He is the author of many works of history, literary criticism, and memoirs, including “The Edwardian Turn of Mind” (1962), “The Auden Generation” (1977), “Flights of Passage” (1988), and “The Growing Seasons” (2003), among numerous others. As a literary critic, Hynes wrote frequently for The New Yorker, The New York Times, The London Review of Books, and several other publications.

“[Hynes] had a remarkable ability to research his subjects exhaustively, but not be the prisoner of his own research,” said Alex Star, an editor at Farrar, Straus, and Giroux who edited Hynes’s “The Unsubstantial Air.”

“He fundamentally knew what kind of book he wanted to write, what the message of it was, what the feeling and ambience he was trying to achieve was,” Star said. “He used the skills not just of a scholar but really also of a memoirist and a prose stylist to evoke forgotten but really important realities.”

Alan Thomas ’81, editorial director at the University of Chicago Press who completed a junior paper and senior thesis under Hynes, published Hynes’s final work, “On War and Writing” in 2018. The publication is a collection of Hynes’s previously unpublished personal essays and criticisms of other works on war.

“He grew up in Minnesota and had something of that rural Minnesotan economy to his expression and his emotional make-up,” Thomas said. “It came across on his page, and I’m sure it came across in his teachings.”

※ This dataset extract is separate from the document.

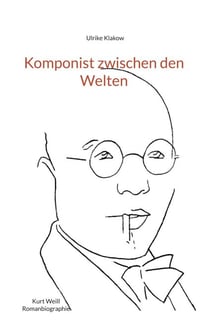 Komponist zwischen den Welten - Romanbiographie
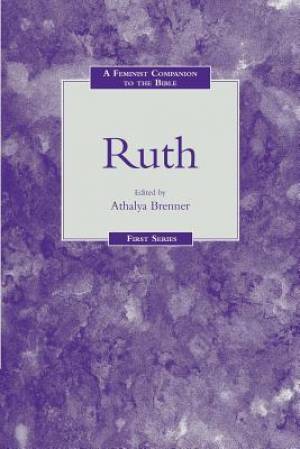 A Feminist Companion to Ruth By Athalya Brenner (Paperback)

Thomas also highlighted the fact that despite being known for his study of British prose literature, Hynes wrote a great deal of criticism of poetry, especially on the works of Thomas Hardy and W. B. Yeats.

Hynes is survived by his two daughters, Miranda and Joanna; three grandchildren, Alex, Sam and Lucy Preston; and three great-grandchildren, Alastair and Aurelia Preston, and Elias Preston Hassan.